NORTH RIDGEVILLE - It is billed as the “The largest skunk convention in the world.” It is true? Maybe. But what is certain is that skunk lovers will gather Saturday in South Central Park for a day of games, raffles, food, music and … dressed-up skunks.
The 18th Annual Skunkfest will be from 10 a.m. to 4 p.m. at the park, 7565 Avon Belden Road. The event benefits Skunk Haven, a nonprofit shelter and educational center in North Ridgeville. What started as a backyard picnic by a skunk enthusiast and rescuer attracts more than 1,000 people a year, many from other states and countries.
Visitors to the de-scented event will learn about the many varieties of skunks, including those in shades of apricot, brown and albino. Games will include a "best detective competition" where the fastest skunk to find a bag of vegetables wins.
And, of course, there will be the yearly costume contest and the crowning of the Skunk Fest 2019 king, queen, prince and princess.
“We want people to know that skunks aren’t as bad as they often want to think,” said Skunk Haven Vice President Renee Pearlstein, who has seven pet skunks. “It’s nice to see people come to the event and actually love on the skunks.”

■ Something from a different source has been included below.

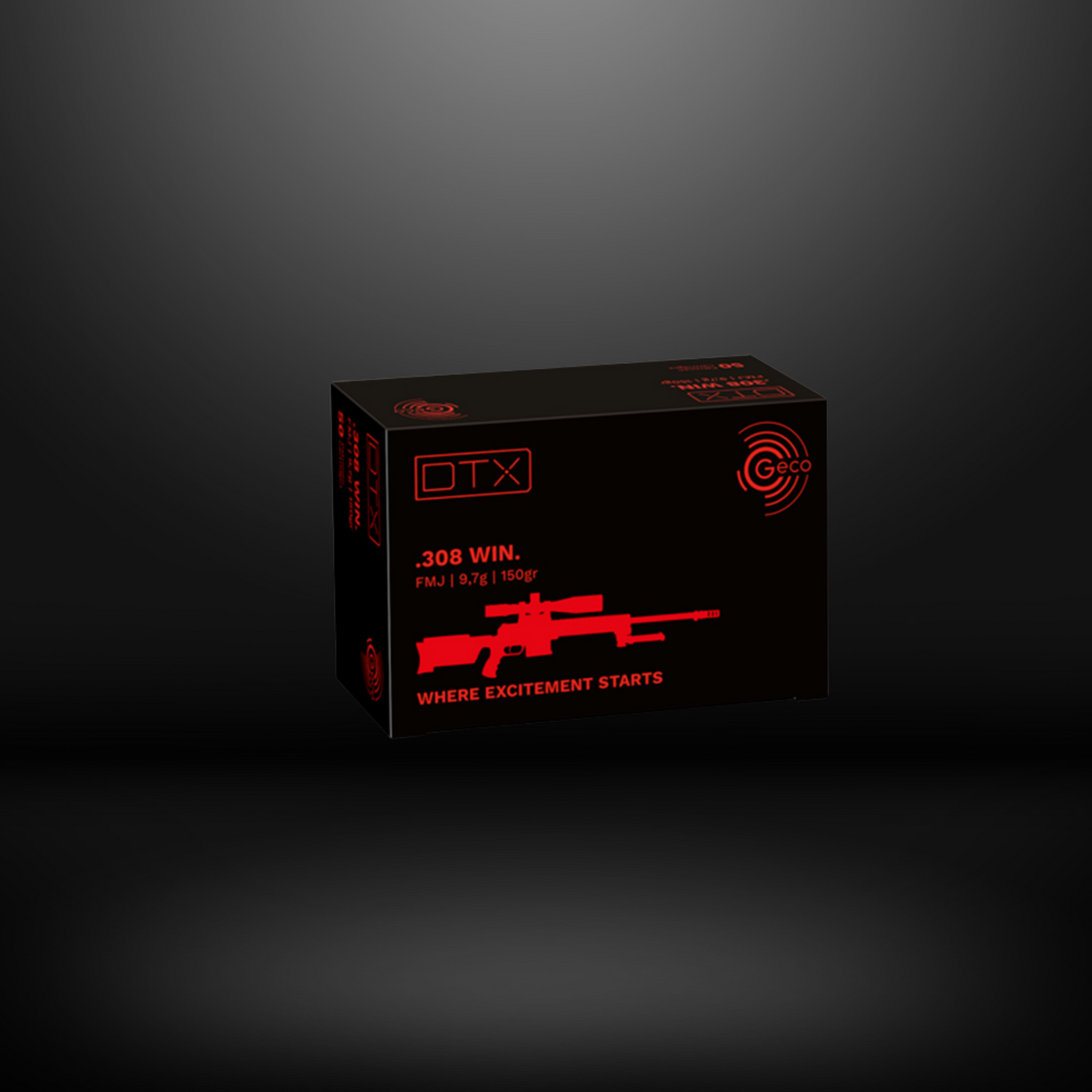 FMJ "DTX"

About 80 skunks are expected to attend, Pearlstein said. The entry fee at the door of the Red Roof Inn, 29595 Clemens Road in Westlake, is $10 for one skunk entering a contest and $5 for each additional skunk.

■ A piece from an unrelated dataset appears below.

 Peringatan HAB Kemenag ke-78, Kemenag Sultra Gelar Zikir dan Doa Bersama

Skunk Haven accepts donations of cash, blankets and paper towels. For more information, visit www.skunkhaven.net or call 614-266-6800.
Ohio allows people to have “domesticated” skunks as pets, but it is illegal to take a skunk from the wild and keep it.

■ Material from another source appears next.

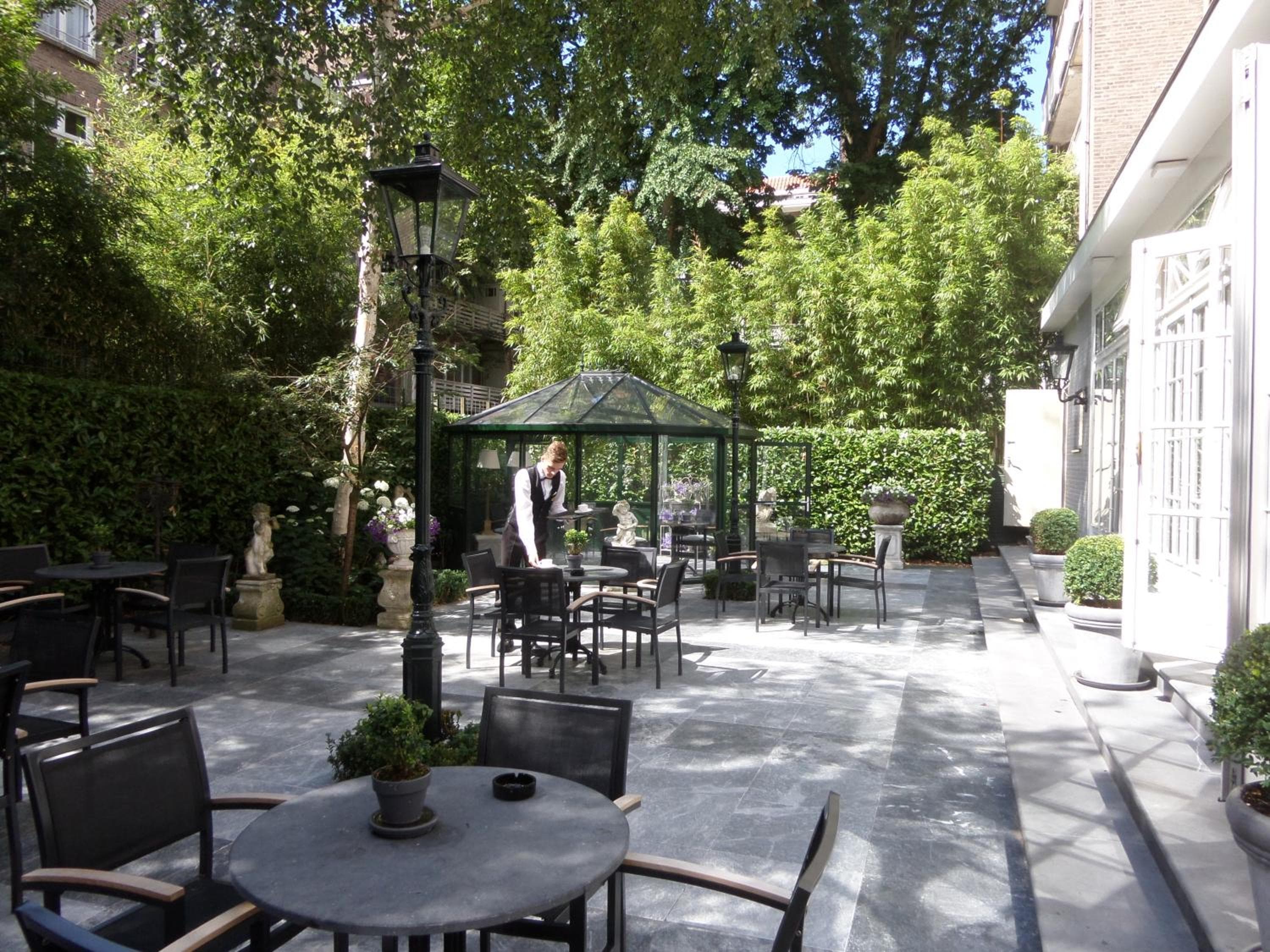 Apollofirst Boutique Hotel — 12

Skunk Haven was founded by North Ridgeville resident Deb Cipriani after she needed help with her pet skunk. Cipriani realized that not too many veterinarians handled skunks, so she started organizing a group of people who were familiar with the animal of North American origin.
Pearlstein, who acquired her first skunk from a breeder who lived close to her, became involved with Skunk Haven under similar circumstances,
“The event is unusual, but it is a lot of fun,” Pearlstein said. “People will be carrying skunks, pushing them in strollers or walking them on leashes. There will be more than just the black and white skunks there — skunks of many different colors.”
Skunks even have fans, including Donny Osmond — Yes, the pop music teenage idol from the 1970s.
He is among many who know that when enjoying these animals, it is more than just “Puppy Love.”